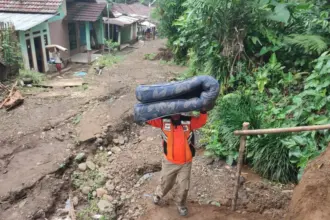 Tanah Bergerak di Desa Maribaya Kecamatan Karanganyar, Purbalingga. (Foto :Dok BPBD Purbalingga)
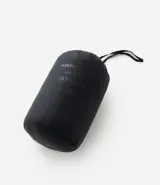 Campera puffer ultraligera de cuello alto con cierre frontal por cremallera y bolsillos laterales. Diseño acolchado con acabado liso.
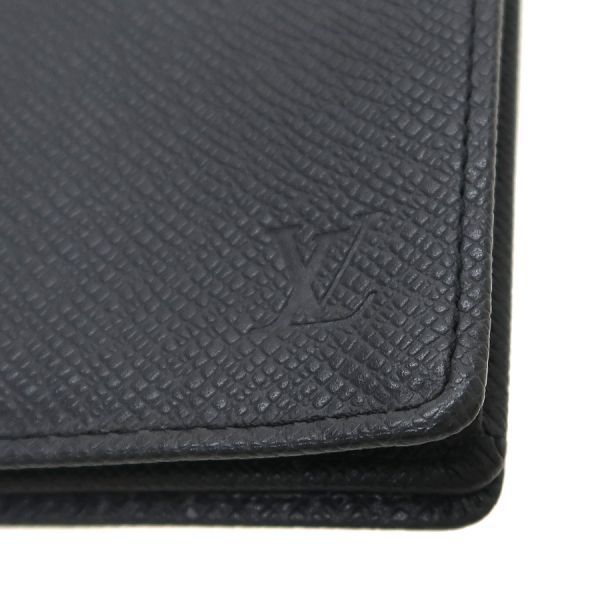 Louis Vuitton Taiga Card Holder Cles Di — view 5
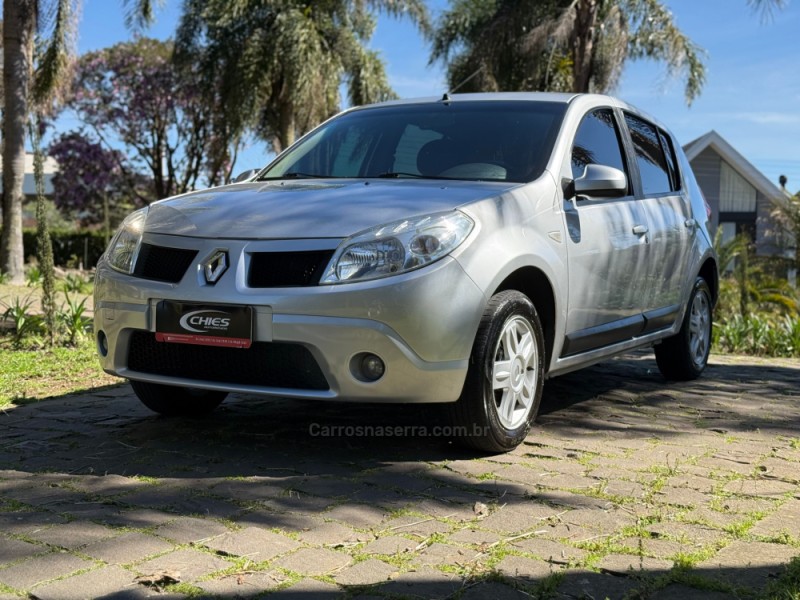 SANDERO 1.6 PRIVILÉGE 8V FLEX 4P MANUAL - 2011 - CARLOS BARBOSA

The problem: Leave the images out and transcribe the remaining data above word for word.

Solution below:
 Tanah Bergerak di Desa Maribaya Kecamatan Karanganyar, Purbalingga. (Foto :Dok BPBD Purbalingga)
 Campera puffer ultraligera de cuello alto con cierre frontal por cremallera y bolsillos laterales. Diseño acolchado con acabado liso.
 Louis Vuitton Taiga Card Holder Cles Di — view 5
 SANDERO 1.6 PRIVILÉGE 8V FLEX 4P MANUAL - 2011 - CARLOS BARBOSA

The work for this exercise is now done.